The Anglican Church wants to sell the timber church to Bishop Druitt College for removal to the college grounds in North Boambee Road, where it would be used as the school chapel.
But Mr Bray-Ferguson said as yet, no development application had been submitted to the city council.
The Mayor Keith Rhoades asked if the committee had corresponded with the council and Mr Bray-Ferguson said it had not, as the committee had formed quickly.
He said his wife had spoken to Coffs Harbour City council staff member Martin Boumer, who had told her the hall and the cenotaph would come up as part of the new Local Environment Plan.
The Mayor recommended that the committee should make sure that it corresponded with the council.
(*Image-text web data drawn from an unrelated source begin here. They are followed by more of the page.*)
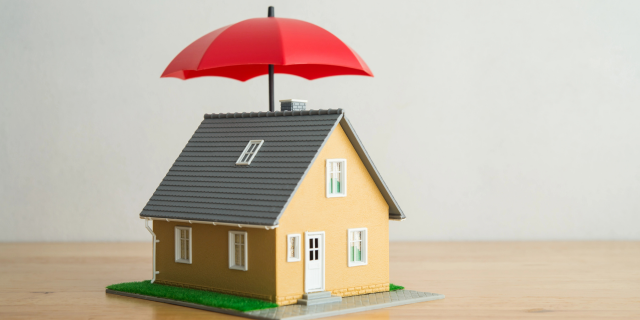 模型房上有支伞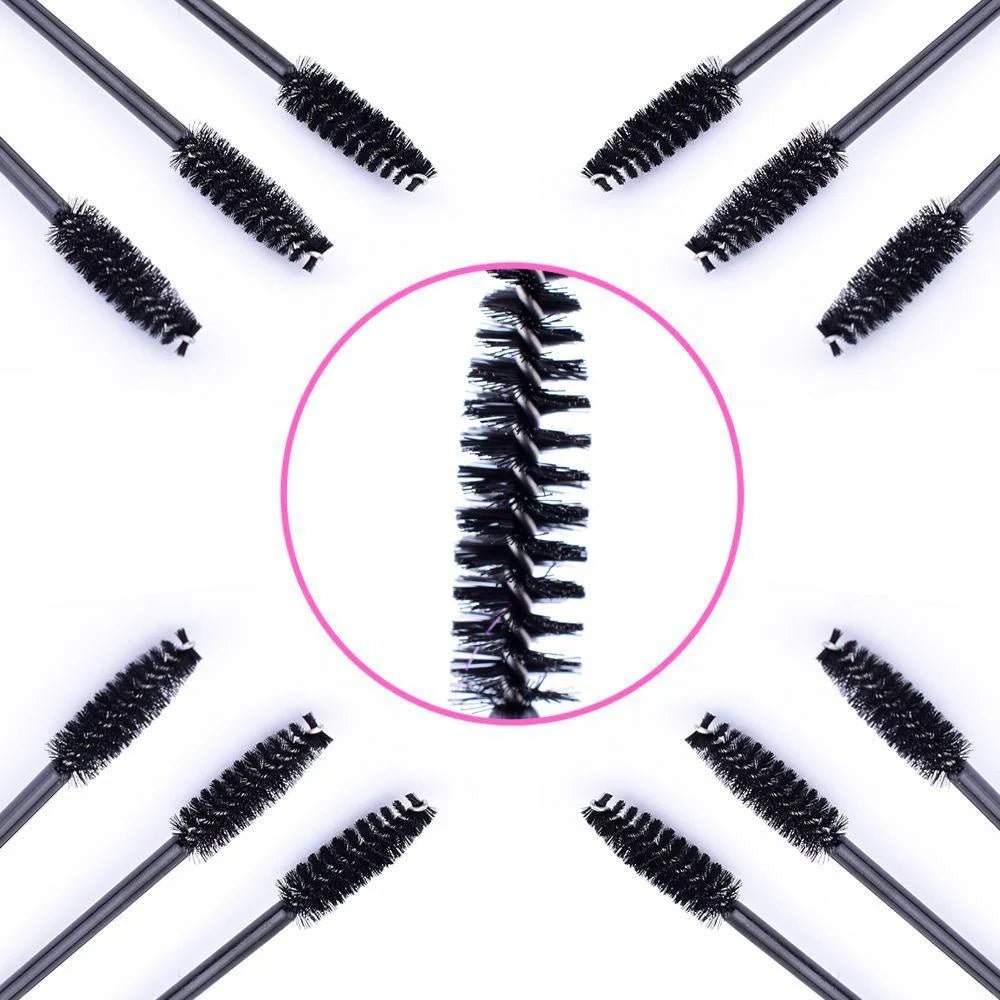POPU - Disposable Eyebrow Brush 50pcs - Pink - The Perma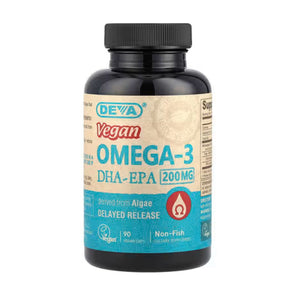 Deva Vegan Omega-3 DHA-EPA 200mg 90 Veg Capsules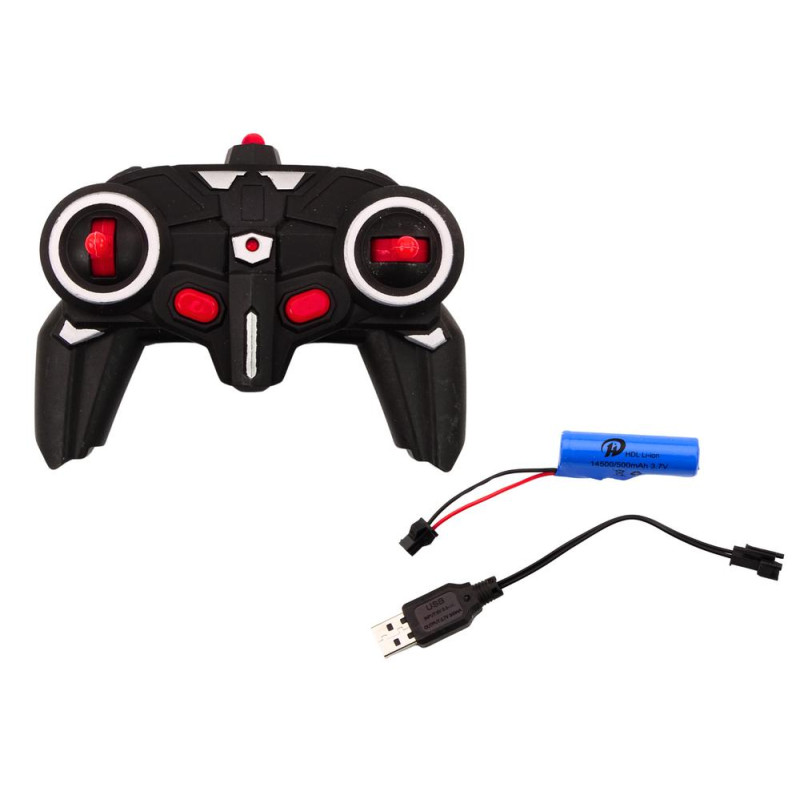 Autko Zdalnie Sterowane 1:18 Drift 360 Światła Dźwięki Czarny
All Saints Upper Orara, considered the most beautiful of four small timber Anglican churches in the Orara Valley, celebrated its centenary last year, two years after the neighbouring hall.
It was built from timber sourced from the forests surrounding the church and the timber was hauled to the site by bullock dray.
Today All Saints is surrounded by liquidambar trees, providing a spectacular frame for the church in autumn.
The regular congregation for All Saints Church dwindled to a point where the Anglican Church abandoned regular services years ago, although it remains popular for weddings and is a frequent subject for photographers and painters.